What chokes do most of you O/U shooters use ....I don't have time at all to pattern them etc...so i was hoping for a generic answer to this question ...obviously I know that the best way is to get out there and shoot your gun ....buuut if you had to choose what two chokes would you use ....I shoot my over barrel first and my under barrel second ....also ...does anyone have preferences on what barrel they shoot first and why ...please fill me in .....

Thanks


----------



## steelheadslayer (Jun 9, 2007)

I shoot a lot of steel so I have the IC and MOD tubes in, works well for most all my hunting. If I'm just targeting late season pheasants with lead I'll use the MOD and FULL. I generally shoot the bottom barrel first, no reason, just my choice. :beer:


----------



## southdakbearfan (Oct 11, 2004)

I usually shoot the bottom barrel first - supposedly the recoil is more in line and keeps the gun closer to point of aim after pulling the trigger to get back on sight for the second shot.

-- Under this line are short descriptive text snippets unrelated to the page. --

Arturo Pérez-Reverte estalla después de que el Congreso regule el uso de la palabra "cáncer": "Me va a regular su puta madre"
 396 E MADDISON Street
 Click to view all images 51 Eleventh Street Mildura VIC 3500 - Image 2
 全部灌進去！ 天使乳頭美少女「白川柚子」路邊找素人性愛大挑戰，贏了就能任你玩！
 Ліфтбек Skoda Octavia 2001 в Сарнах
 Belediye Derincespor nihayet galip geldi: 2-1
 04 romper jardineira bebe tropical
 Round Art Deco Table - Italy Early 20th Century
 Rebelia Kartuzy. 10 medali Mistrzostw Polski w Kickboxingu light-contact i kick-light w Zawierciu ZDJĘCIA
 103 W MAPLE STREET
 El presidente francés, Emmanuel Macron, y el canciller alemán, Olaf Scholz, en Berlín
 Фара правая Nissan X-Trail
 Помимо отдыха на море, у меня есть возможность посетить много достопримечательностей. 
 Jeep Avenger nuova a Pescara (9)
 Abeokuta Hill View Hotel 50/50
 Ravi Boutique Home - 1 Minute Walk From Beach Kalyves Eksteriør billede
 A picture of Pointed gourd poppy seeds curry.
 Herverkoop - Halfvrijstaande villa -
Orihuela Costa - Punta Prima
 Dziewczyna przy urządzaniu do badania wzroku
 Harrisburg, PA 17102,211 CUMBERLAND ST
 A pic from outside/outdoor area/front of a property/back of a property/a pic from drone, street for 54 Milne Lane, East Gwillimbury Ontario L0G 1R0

Chokes - pheasants with lead - full and full - I like dead pheasants, not wounded, if you blow a few up, slow down a bit, get a better aim on them to take a sec or two longer.

Geese - steel T's and BBB's - mod and mod - I thought about going to imp. mod, but through patterning, I can't imagine what would improve that much.


----------



## dogdexter1 (Sep 6, 2007)

If you dont have 20 minutes to pattern your shotgun you shouldnt be hunting...


----------



## southdakbearfan (Oct 11, 2004)

southdakbearfan said:


> I usually shoot the bottom barrel first - supposedly the recoil is more in line and keeps the gun closer to point of aim after pulling the trigger to get back on sight for the second shot.
> 
> Chokes - pheasants with lead - full and full - I like dead pheasants, not wounded, if you blow a few up, slow down a bit, get a better aim on them to take a sec or two longer.
> 
> Geese - steel T's and BBB's - mod and mod - I thought about going to imp. mod, but through patterning, I can't imagine what would improve that much.


Which, if you read it correctly, means, I patterned it, and can't imagine it getting much better.


----------